Muktzeh (Note: also Muktzah, Muktza, Muktze, Muqtzeh, Muqtzah, Muqtza, Muqtze.) /mʊktzə/ (Hebrew: "separated") is a concept in Jewish rabbinical law (Halakha). Muktzeh objects are subject to use restrictions on the Sabbath. The generally accepted view regarding these items is that they may be touched, though not moved, during Shabbat (the Jewish Sabbath) or Yom Tov (Jewish holiday). Some extend this prohibition to the actual handling of these items. Halakha defines various categories of objects or substances which are "set aside" on the Jewish Sabbath, as well as various permissible instances of moving these various muktzeh items. For example, one may not handle money, rocks, twigs, etc. on Shabbat, as these items are muktzeh.

The consensus among the halakhic authorities is that muktzeh is an issur d'rabbanan (a rabbinic prohibition), rather than a d'oreisa (biblical prohibition).

There are four main types of Muktzeh (items that are set aside and cannot be moved on Shabbat):

1. Kli SheMelachto LeIsur (כלי שמלאכתו לאיסור) – A tool whose defined use involves work forbidden on Shabbat (for example, a match).
2. Muktzeh Mechamat Chisaron Kis (מוקצה מחמת חסרון כיס) – An expensive item that requires careful handling and is set aside to avoid damage (for example, a piece of art).
3. Muktzeh Mechamat Gufo (מוקצה מחמת גופו) – An object that is not a tool and has no defined use on Shabbat (for example, a stone or a dead body).
4. Basis LeDavar HaAssur (בסיס לדבר האסור) – An item that is not Muktzeh in itself but serves as a base for another item that is considered Muktzeh Machmat Gufo (for example, a tray on which Shabbat candles are placed).

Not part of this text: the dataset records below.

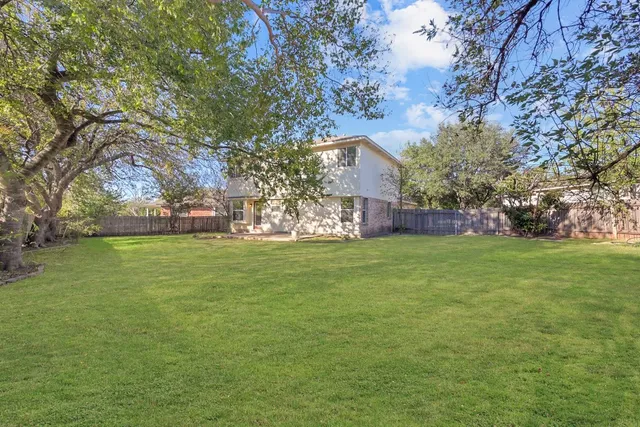 a view of yard with swimming pool and green space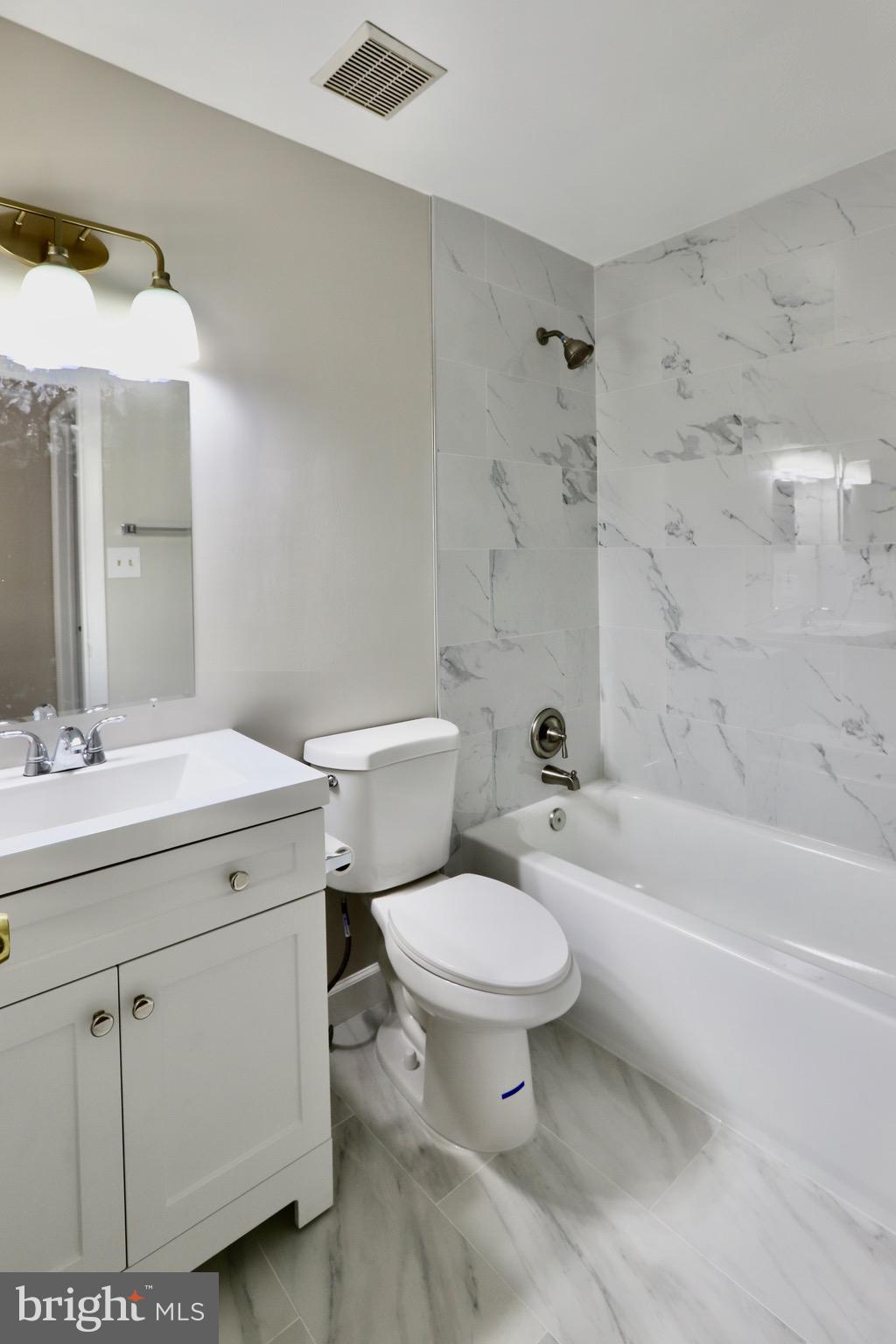 7442 Broken Staff Columbia, MD 21045 - Photo 14 of 28 a bathroom with a sink toilet and shower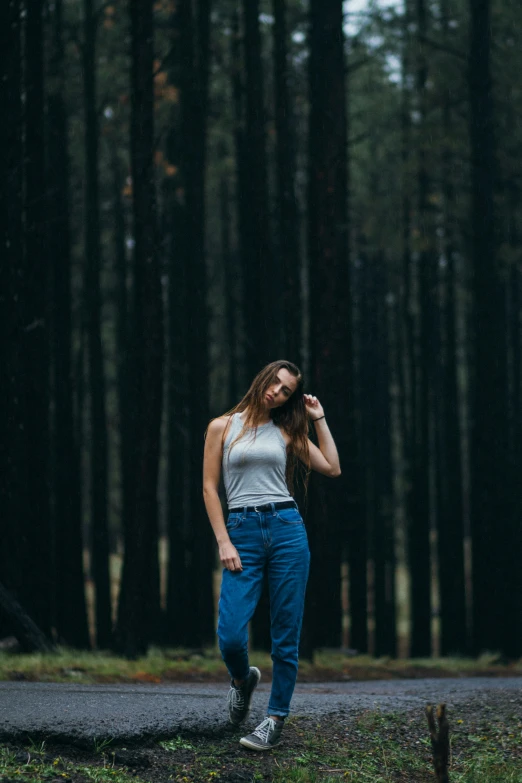 a woman standing in a forest near some trees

Additional types of Muktzeh:

- Muktzeh Machmat Mitzvah (מוקצה מחמת מצווה) – For example, during the festival of Sukkot, the wood and decorations of the sukkah.
- Muktzeh Machmat Mi'us (מוקצה מחמת מיאוס) – Items that are set aside due to their repulsive nature.
- Nolad (נולד) – Items that came into existence on Shabbat.
- Migo D'Itkatzei (מיגו דאתקצאי) – An item that was Muktzeh during twilight remains Muktzeh for the entire Shabbat.
- Muktzeh Machmat Isur SheBeGufo (מוקצה מחמת איסור שבגופו) – An item that is not a tool but is designated for forbidden work (for example, wool for spinning or wood for burning).
- Muktzeh Mishum D'chiyah B'yadayim (מוקצה משום דחייה בידיים) – For example, grapes that were placed on the roof before Shabbat to dry into raisins.
- Kli She'Melachto L'Heter (כלי שמלאכתו להיתר) – It is forbidden to move a tool whose primary use is permitted, without any need at all.

== General concept ==
Muktzeh is essentially a restriction on objects that were not 'prepared' before the Sabbath. The absence of preparedness in this sense means that when Shabbat began, the vast majority of people would not have expected to use this particular item or substance on Shabbat.

== Categories ==
There are six main categories of muktzeh, each one with different halakhic ramifications:

- Mechamat Chisaron Kis: delicate objects which one is extremely careful when handling; e.g. a musical instrument or camera.
- Basis: an object supporting a muktzeh item, which takes the same status as the muktzeh item; e.g. the tray holding the Shabbat candles.
- Mechamat Gufo: objects that are not utensils and have no ordinary Shabbat function; e.g. raw foods.
- Mechamat Isura: objects whose use is totally prohibited on Shabbat; at the start of Shabbat, they become muktzeh, remaining muktzeh until the end of Shabbat; e.g. Shabbat candles.
- Kli Shemlachto L'isur: objects designed primarily to perform forbidden work; e.g. a hammer.
- Mechamat Mitzvah: objects used only to perform a non-Shabbat mitzvah; e.g. a lulav.